• [Your goal] All of the data, word for word and free of pictures, is the expected result.
· · ·
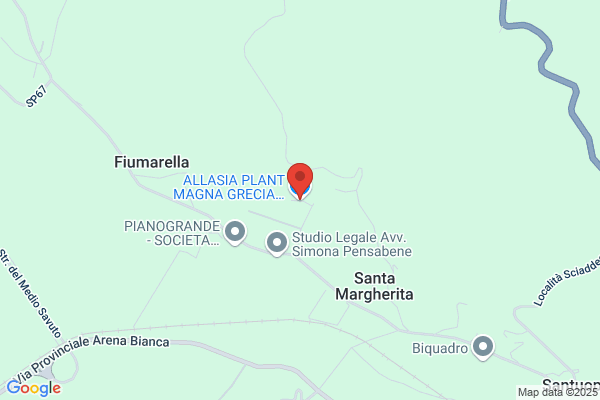 Allasia Plant Magna Grecia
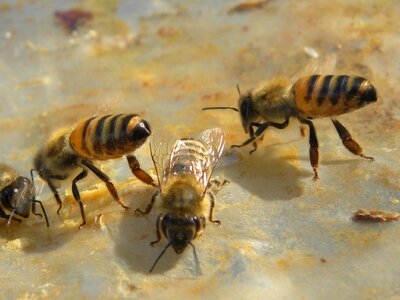 Honey bees animals insect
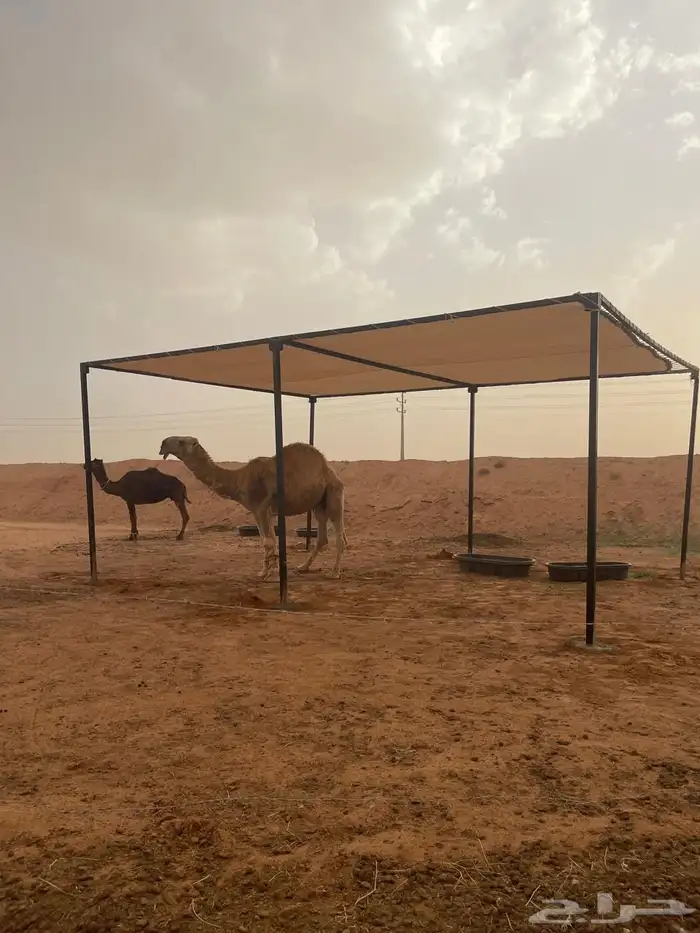 مضلات بل 5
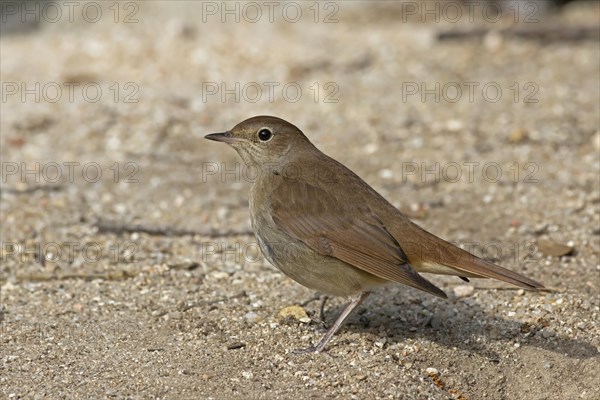 Common Nightingale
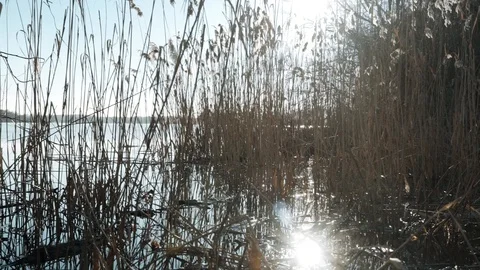 Pond in the sunshine Stock Footage 104733275
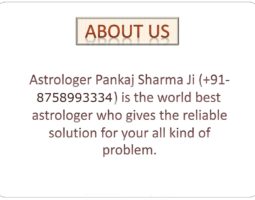 Indian Astrology Seva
· · ·
• [Response box]
 Allasia Plant Magna Grecia
 Honey bees animals insect
 مضلات بل 5
 Common Nightingale
 Pond in the sunshine Stock Footage 104733275
 Indian Astrology Seva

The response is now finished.